Web 2.0 is great for

Standard 3:  Use information creatively

Standard 5:  Creative products

Standard 9:  collaboration

Week 9 #23, copyright

The video on copyright was very informative.  The Disney clips may make it appealing to students.  I found it also posted to Teacher Tube and sent it to some teachers at my school. 

I’m glad I watched the video on Creative Commons.  I have seen websites and photos with CC licensing, but didn’t understand what it meant until now.  It has brought up my awarness, and now I am noticing it a lot more on websites and photos online. 

The comic book was very detailed, and explained a lot I didn’t know about copyright.  I think I will recommend it to a teacher who is making a documentary on our new Arts Academy. 

The CTAP cite has some good resources.  I have bookmarked it in my del.ici.ous account for future reference.

Conclusion

1.  What were your favorite discoveries or exercises on this learning journey?

The most useful tool for me was del.ici.ous.  I use it everyday!  I have also found it useful to search other people’s tags when researching a specific topic.  I wasn’t able to use it with students, because some unsavory suggestions came up.  For example, one of the research topics was Date Rape, and several “how to” sites came up.

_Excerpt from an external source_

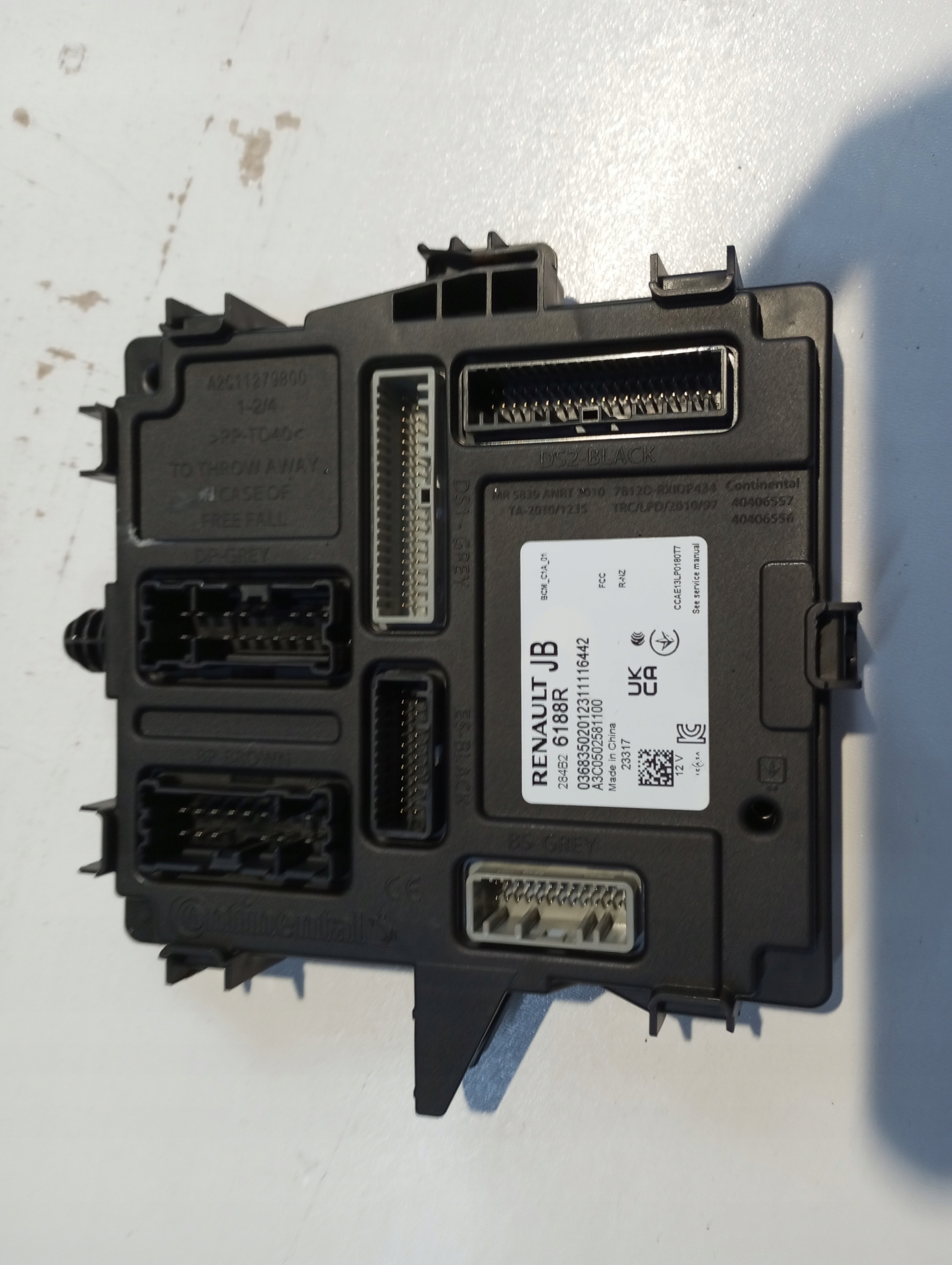 Unité commande confort BCM DACIA JOGGER 24R 284B26188R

The wiki portion came just in time for me to use it to prepare for the CSLA conference in November.  I found the wiki to be a great collaborative tool.  There were so many great resources I would not have discovered if not for this tutorial.  I took me a year to complete, but it was definitely worth it.  Here’s my wiki:

http://riyl.wikispaces.com/

Blog.  I helped a language arts teacher get set up with an edublogs account and have book discussions for their reading of Animal Farm.  She has a very low group of 10th graders who mostly failed 9th grade English and she wanted to get them motivated about the assignments.    Instead of answering questions on worksheets, they had to post answers in the blog and then respond twice to other students.  It took one class period to get everyone signed up.  Almost everyone posted, and the students were more engaged than they would be in a traditional class.    The assignment can be viewed here:  http://denisedare.edublogs.org/  The only drawback was that it was difficult to get time in the computer lab, and the amount of set up time.  Edublogs now has a way that teachers can set up whole classes with blogs.

Photos & Images: photo mashup sites and photo hosting services like Flickr are blocked at school.  I have used it professionally to share photos of my bulletin boards with other librarians.  I love to search library tags to see what other libraries are doing.  They even created a section for Banned Books Week.  Here’s my Flickr page:

http://www.flickr.com/photos/mrsgteach/

 

 

 

 

 

 

2.  How has this program assisted or affected your lifelong learning goals?

This experience really taught me what life-long learning is about.  Even though it was a lot of work and took me a year during nights and weekends, I kept at it without any other reward than the knowledge obtained.  It wasn’t for school credit or anything.  It was just for me. 

3.  Were there any take-a-ways or unexpected outcomes from this program that surprised you?

Definitely.  One of the ideas I posted in the Sandbox wiki ended up being a published article in CSLA Journal.

4.  What could we do differently to improve upon this program’s format or concept?

Nothing!  Anything more would be overwhelming.

5.  If we offered another discovery program like this in the future, would you choose to participate?

Yes, definitely!

6.  How would you describe your learning experience in ONE WORD or in ONE SENTENCE, so we could use your words to promote CSLA learning activities?

I have a lot more in my “toolbox” so that when opportunities arise, I can say to teachers, why not try this?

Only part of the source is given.